The Affirmation is a book about memory: if our essence is in our memories, and memories are malleable, what does that say about our experience of reality? It sounds like a schoolboy syllogism, but Priest makes fascinating play with it, and more importantly, convinces even against the reader’s wishes.
Peter Sinclair is a man recovering from multiple blows: bereavement, break-up, redundancy, homelessness. “I felt like a man who had been knocked down, then trodden on before he could get up.” He retreats to a tumbledown cottage owned by a friend of his father – whom he meets again in unexplained circumstances – and he undertakes to decorate the building and render it habitable. However he becomes more and more obsessed with recording his life, for reasons which (intentionally, I think) strain plausibility:
I perceived my past life as an unordered, uncontrolled bedlam of events. Nothing made sense, nothing was consistent with anything else. It seemed important to me that I should try to impose some kind of order on my memories. It never occurred to me to question why I should do this. It was just extremely important.
As he works on his story, he finds himself deviating from the facts, seeking “a higher, better form of truth”. “If the deeper truth could only be told by falsehood – in other words, through metaphor – then to achieve total truth I must create total falsehood.” He creates “an imaginary place and an imaginary life.”
Chapters then switch between his real life and his imagined life, where his name remains but everything else is changed: London becomes ‘Jethra’, England ‘Faiandland’. At this point my heart sank, as yours may too. However here is where Sinclair’s narrative – previously somewhat charmless – becomes positively disarming, becomes in fact Priest’s narrative. It is a book about its subject where the subject becomes, in part, the book itself.
In Jethra, Sinclair is a winner of the ‘Lotterie’, where the prize is an unusual and dubious form of privilege. This raises certain surface, ethical issues, but more knotty ones too of the nature and purpose of human life. During the course of his alternate existence, for the purposes of fulfilling the Lotterie’s requirements, Sinclair has to write his autobiography, which turns out to be the first chapters of the book – the real world ones – which we have already read. So far so tricksy, but Priest writes so convincingly that the reader becomes acutely aware of the difficulty in choosing between the ‘true stories’ on offer.
There were now two realities, and each explained the other.

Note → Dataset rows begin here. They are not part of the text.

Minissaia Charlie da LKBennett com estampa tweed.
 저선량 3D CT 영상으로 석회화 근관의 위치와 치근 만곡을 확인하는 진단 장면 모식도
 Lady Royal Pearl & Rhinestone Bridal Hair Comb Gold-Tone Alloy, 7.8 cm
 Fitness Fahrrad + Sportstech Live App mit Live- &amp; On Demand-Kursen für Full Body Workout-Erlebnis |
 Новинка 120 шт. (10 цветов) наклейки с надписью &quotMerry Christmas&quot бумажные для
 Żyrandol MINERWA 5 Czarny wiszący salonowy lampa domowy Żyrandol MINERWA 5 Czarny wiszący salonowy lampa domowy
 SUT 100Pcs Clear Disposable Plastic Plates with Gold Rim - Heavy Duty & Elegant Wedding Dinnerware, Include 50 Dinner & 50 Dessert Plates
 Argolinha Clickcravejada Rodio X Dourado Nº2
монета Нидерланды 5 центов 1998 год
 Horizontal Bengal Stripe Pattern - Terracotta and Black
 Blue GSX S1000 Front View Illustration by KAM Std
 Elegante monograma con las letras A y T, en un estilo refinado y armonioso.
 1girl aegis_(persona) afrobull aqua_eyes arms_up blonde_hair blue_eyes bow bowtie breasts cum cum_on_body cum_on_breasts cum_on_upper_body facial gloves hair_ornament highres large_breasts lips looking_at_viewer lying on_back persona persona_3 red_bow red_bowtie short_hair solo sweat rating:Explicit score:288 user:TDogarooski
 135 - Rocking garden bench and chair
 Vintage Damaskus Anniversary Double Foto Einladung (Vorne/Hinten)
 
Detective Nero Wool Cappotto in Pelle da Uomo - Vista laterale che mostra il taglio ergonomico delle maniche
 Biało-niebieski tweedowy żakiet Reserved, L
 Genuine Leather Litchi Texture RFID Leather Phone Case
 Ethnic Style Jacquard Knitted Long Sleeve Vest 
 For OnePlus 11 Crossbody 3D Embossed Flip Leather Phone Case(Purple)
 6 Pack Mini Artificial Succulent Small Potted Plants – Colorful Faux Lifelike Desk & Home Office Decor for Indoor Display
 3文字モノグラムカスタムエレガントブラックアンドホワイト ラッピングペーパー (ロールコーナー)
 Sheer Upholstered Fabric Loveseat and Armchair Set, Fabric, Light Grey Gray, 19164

What The Affirmation does is to emphasise that there is no reason to believe more in the fictional ‘real world’ of the book than in its fictional invented world. We are in any event, after all, reading a work of fiction, within whose confines by definition, anything is possible. (I was reminded of the Coen brothers and their bold statement at the beginning of Fargo, that everything that followed was true.) The Affirmation is, to quote Mary McCarthy on Nabokov’s Pale Fire, “a jack-in-the-box, a Fabergé gem, a clockwork toy, a chess problem.” But it is so without being sterile or seeming like an act of intellectual masturbation. More impressive yet is Priest’s willingness to have the courage of his convictions, and end the book in the only appropriate way.
And if this seems like a sudden ending, you ain’t seen nothing yet.